Tips for implementing the math

The code uses the Eigen library for performing matrix and vector operations necessary for calculating the vectors and covariance matrix. Refer to the quick reference guide to find methods for various operations.

Operations on the pose and error vector

End-effector poses and measurement errors in code are stored as a vector with 7 components. The first three components store XYZ positions and the remaining four store the four components of the orientation quaternion.

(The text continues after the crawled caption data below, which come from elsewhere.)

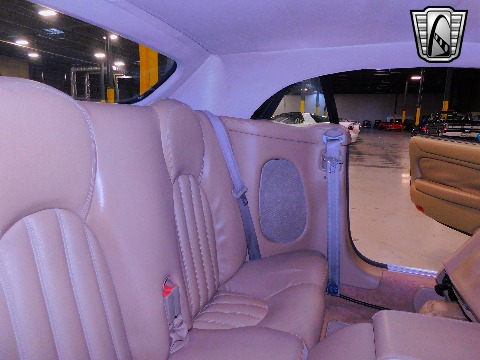 1997 Jaguar XK8 image 105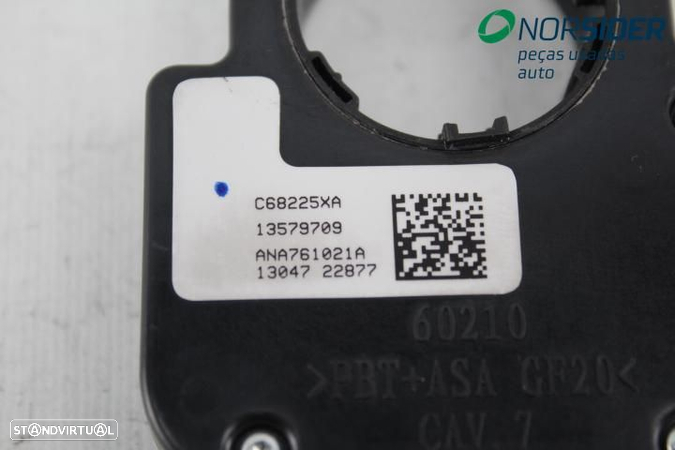 Captor sensor angulo viragem dir Opel Insignia A|08-13 - 2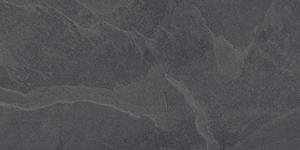 Jabo Overland Antracite vloertegel 30x60cm gerectificeerd
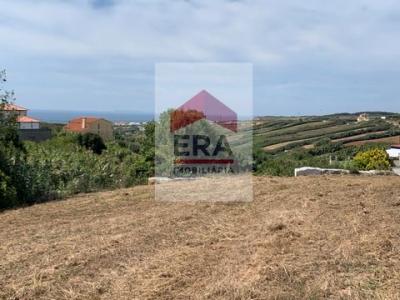 Annonce Vente Terrain Lourinha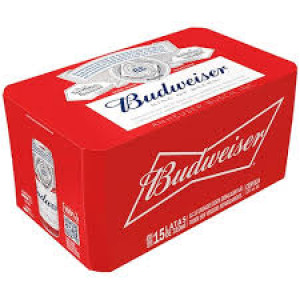 Budweiser 350ml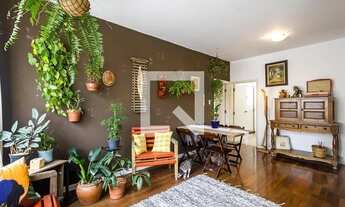 Imagem 4: Apartamento para Aluguel - Jardim Paulista, 3 Quartos, 102 m2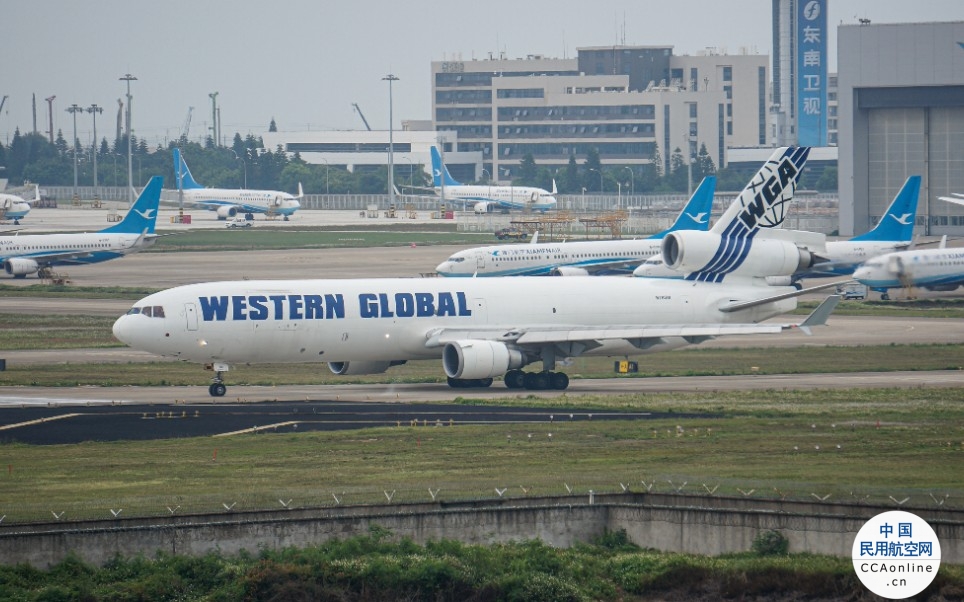 美媒：货运航空公司西部环球考虑申请破产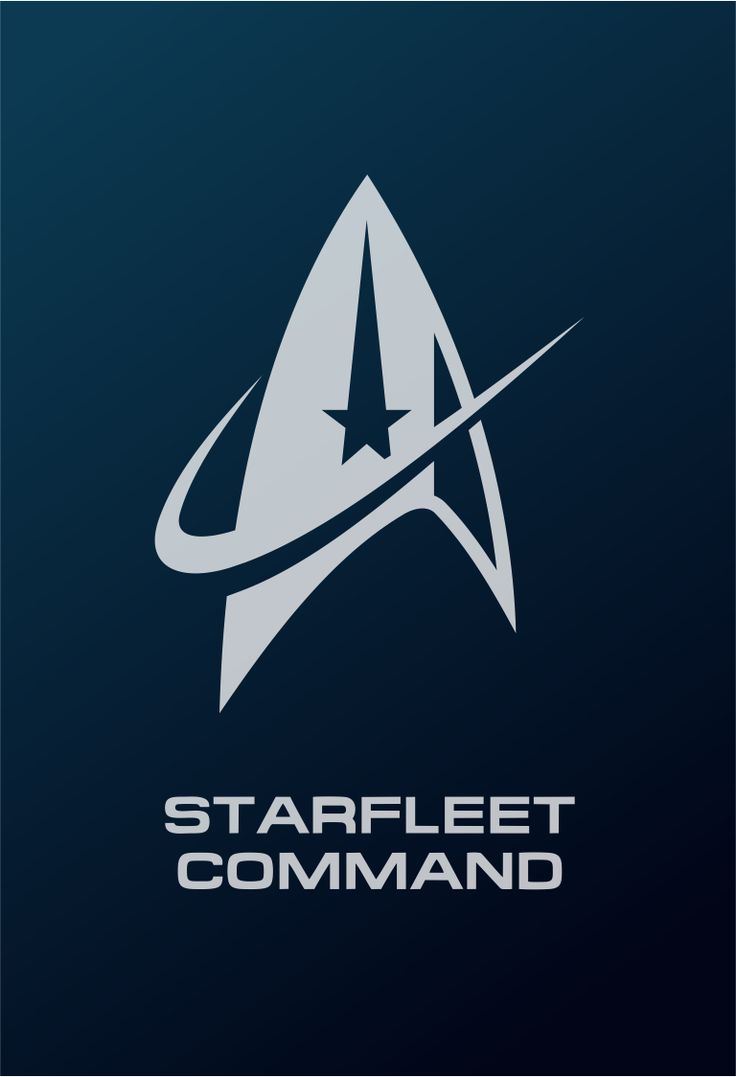 Starfleet Background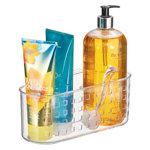  Suction Shower Basket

\[\begin{split}\begin{bmatrix} x \\ y \\ z \\ q_x \\ q_y \\ q_z \\ q_w \end{bmatrix}\end{split}\]
double x, y, z, q_x, q_y, q_z, q_w;

Eigen::Vector<double, 7> vector {x, y, z, q_x, q_y, q_z, q_w};

Vector math like additions, subtractions, multiplication/division with scalar values can be done directly using normal C++ operators like +, *, /.

The library supports element-wise operations on Eigen::Array objects but not on Eigen::Vector types. To perform element-wise operations on Eigen::Vector objects, you can use the array() method to obtain an Eigen::Array wrapper to apply operations on. The entire list of available operations can be found here.

For example, performing an element-wise square operation on a vector using the square() method looks like this:

\[\begin{split}\begin{bmatrix} x^2 \\ y^2 \\ z^2 \\ {q_x}^2 \\ {q_y}^2 \\ {q_z}^2 \\ {q_w}^2 \end{bmatrix}\end{split}\]
auto vector_squared = Eigen::Vector<double, 7>(vector.array().square());

The returned value from square() method is not an Eigen::Vector object. It either needs to be casted back to that type or used as a parameter for initializing a new object of that type.

For finding the transpose of the vector, simply use the transpose() method.

\[\begin{split}\begin{bmatrix} x \\ y \\ z \\ q_x \\ q_y \\ q_z \\ q_w \end{bmatrix}^T\end{split}\]
auto vector_transpose = vector.transpose();

Using the list of errors from measurements

When capturing the measurements for verification, the errors between the estimated end-effector poses (measured by the camera after calibration) and the reference poses (from robot’s forward kinematics) are already calculated for you and are stored in a list as an std::vector object. The size of this vector is the number of measurements taken.

\[errors = \{ e_1, e_2, e_3, \ ... \ e_n \}\]
std::vector<Eigen::Vector<double, 7>> error_vecs;

auto number_of_measurements = error_vecs.size();

A single error vector when indexed from this list would be:

\[\begin{split}e_i = \begin{bmatrix} x_i \\ y_i \\ z_i \\ {q_x}_i \\ {q_y}_i \\ {q_z}_i \\ {q_w}_i \end{bmatrix}\end{split}\]
auto e_i = error_vecs.at(i);

For accessing all the error vectors from the list, a simple range-based for loop will suffice.

for (const auto& e_i: error_vecs) {

    // Do something with e_i

}

Formulas for reference

Sample Mean

\[\bar{e} = \frac{1}{n} \sum_{i=1}^{n} e_i\]

\(n\) is the number of measurements.

Sample Covariance

\[S = \frac{1}{n - 1} \sum_{i=1}^{n} (e_i - \bar{e}) (e_i - \bar{e})^T\]

\(e_i - \bar{e}\) is the deviation of an error from sample mean error.

Sum of Squared Errors

\[\begin{split}SSE = \sum_{i=1}^{n} \begin{bmatrix} x_i^2 \\ y_i^2 \\ z_i^2 \\ {q_x}_i^2 \\ {q_y}_i^2 \\ {q_z}_i^2 \\ {q_w}_i^2 \end{bmatrix}\end{split}\]

The square operation on the error vector \(e_i\) is element-wise.